> EXERCISE INSTRUCTIONS
The listing below holds a line with "Vintage Morning Sun" and a later line with "Bee with Honey". Write out those two lines and every line between them, exactly, and nothing else.
====== GIVEN RECORDS ======
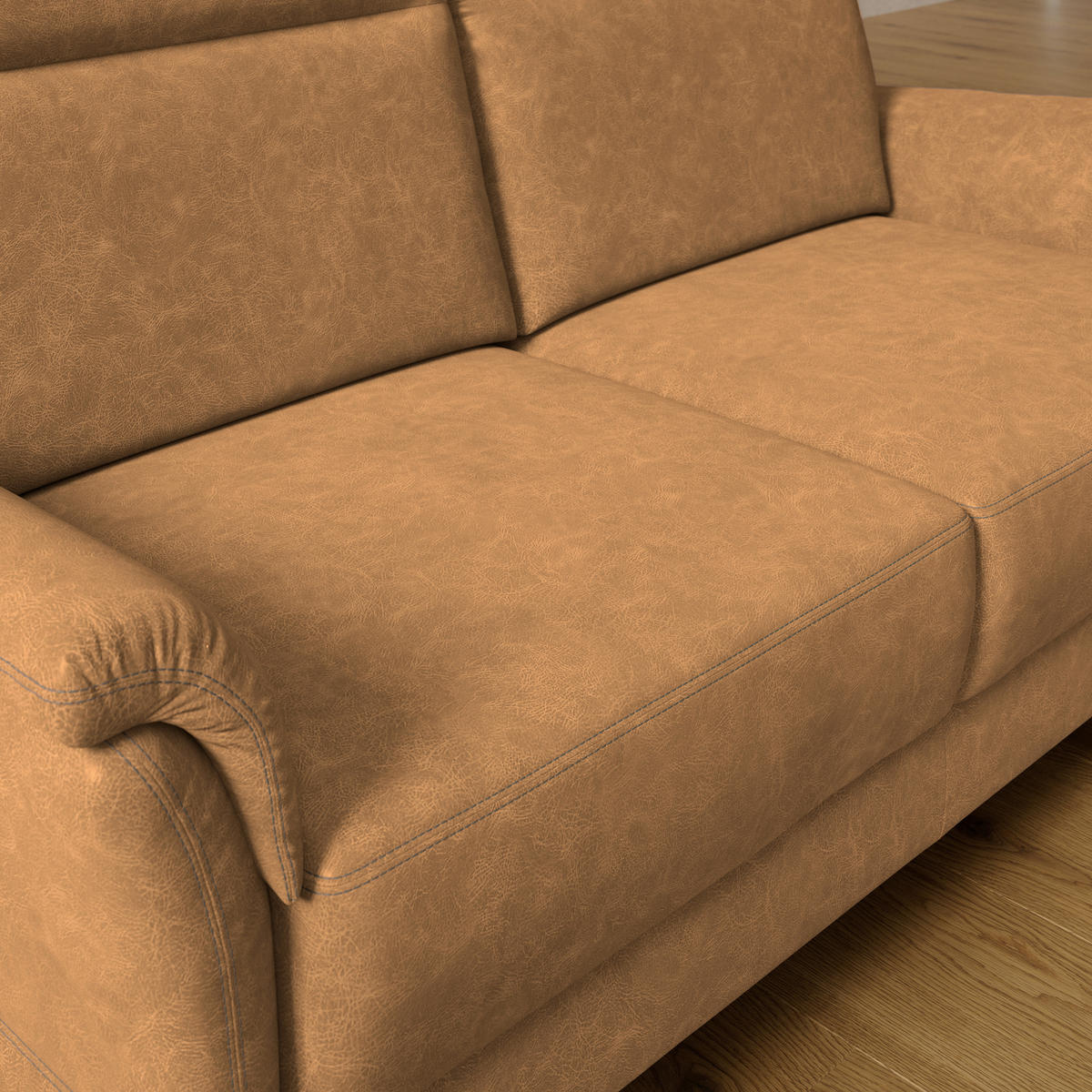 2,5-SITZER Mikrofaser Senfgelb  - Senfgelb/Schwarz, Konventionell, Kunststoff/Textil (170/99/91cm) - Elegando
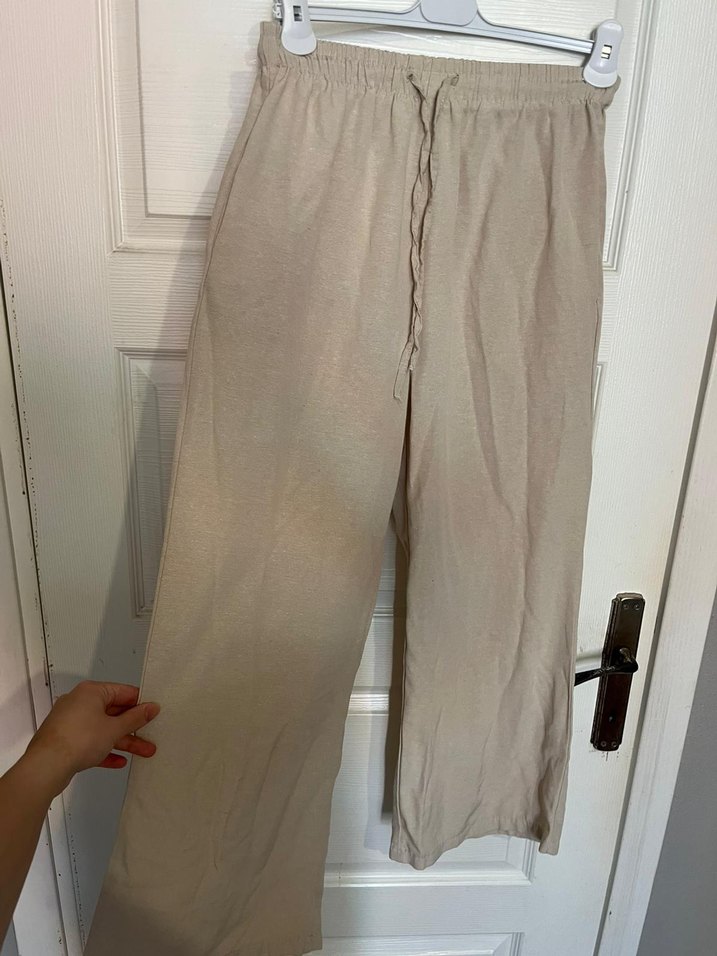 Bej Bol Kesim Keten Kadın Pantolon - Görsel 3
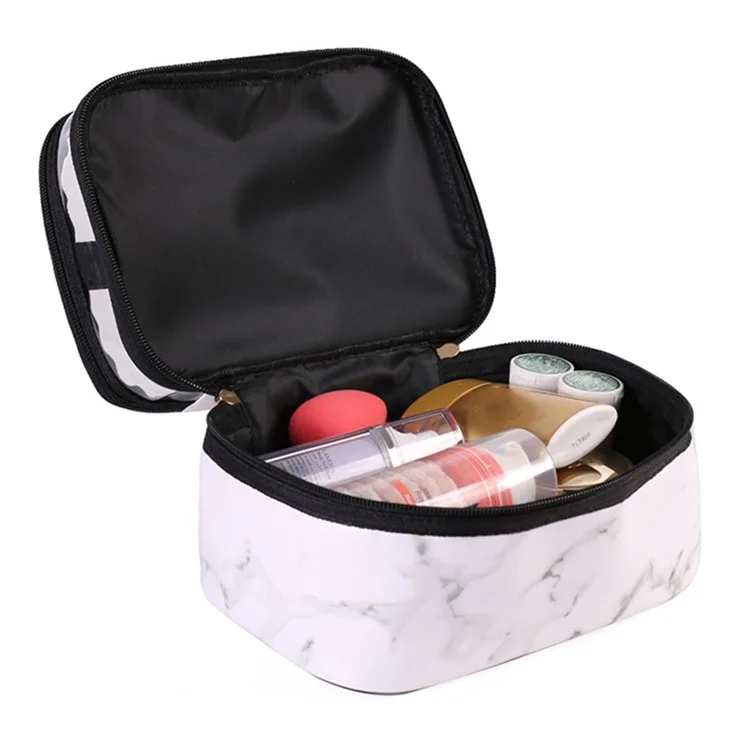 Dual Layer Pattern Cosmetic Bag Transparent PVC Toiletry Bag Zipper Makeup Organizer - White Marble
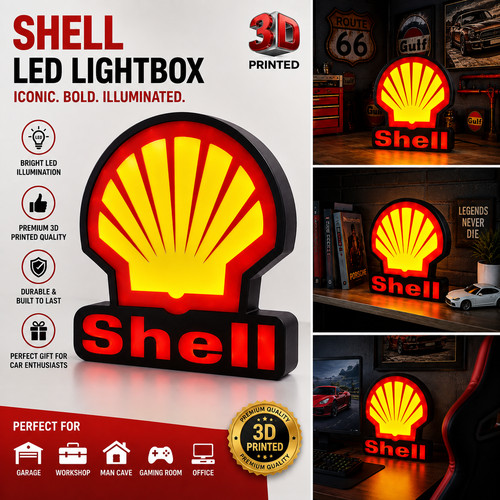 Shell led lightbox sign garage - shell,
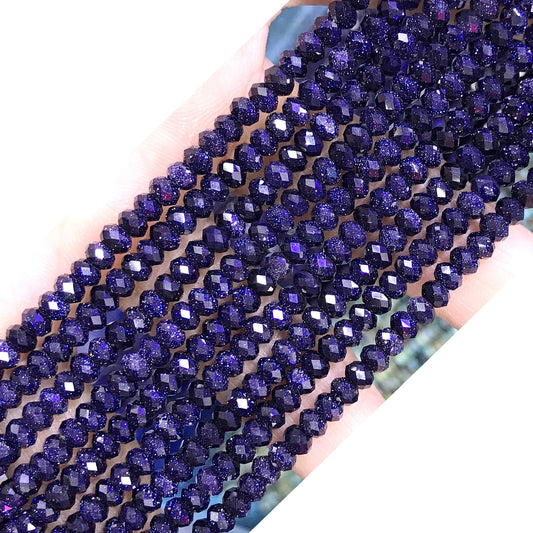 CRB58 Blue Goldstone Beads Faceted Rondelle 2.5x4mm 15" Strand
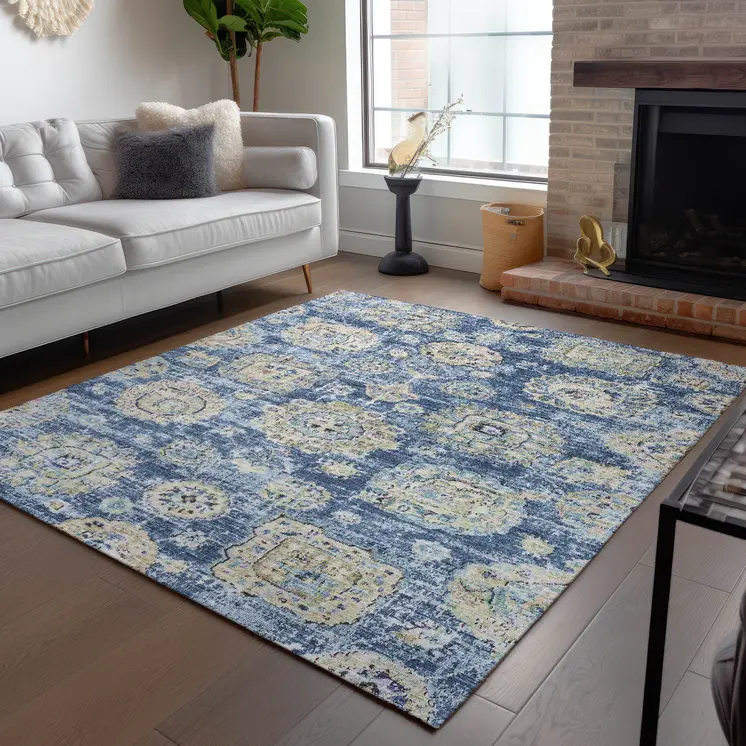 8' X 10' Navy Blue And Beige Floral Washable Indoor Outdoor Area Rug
======
====== GIVEN RECORDS ======
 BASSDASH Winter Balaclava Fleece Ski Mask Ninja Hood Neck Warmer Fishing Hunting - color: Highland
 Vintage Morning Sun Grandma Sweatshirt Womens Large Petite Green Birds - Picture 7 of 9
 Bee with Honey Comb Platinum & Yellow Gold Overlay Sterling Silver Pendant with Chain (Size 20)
======
====== GIVEN RECORDS ======
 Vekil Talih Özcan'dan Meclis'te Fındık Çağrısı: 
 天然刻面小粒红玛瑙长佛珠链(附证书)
======
> EXERCISE OUTPUT
 Vintage Morning Sun Grandma Sweatshirt Womens Large Petite Green Birds - Picture 7 of 9
 Bee with Honey Comb Platinum & Yellow Gold Overlay Sterling Silver Pendant with Chain (Size 20)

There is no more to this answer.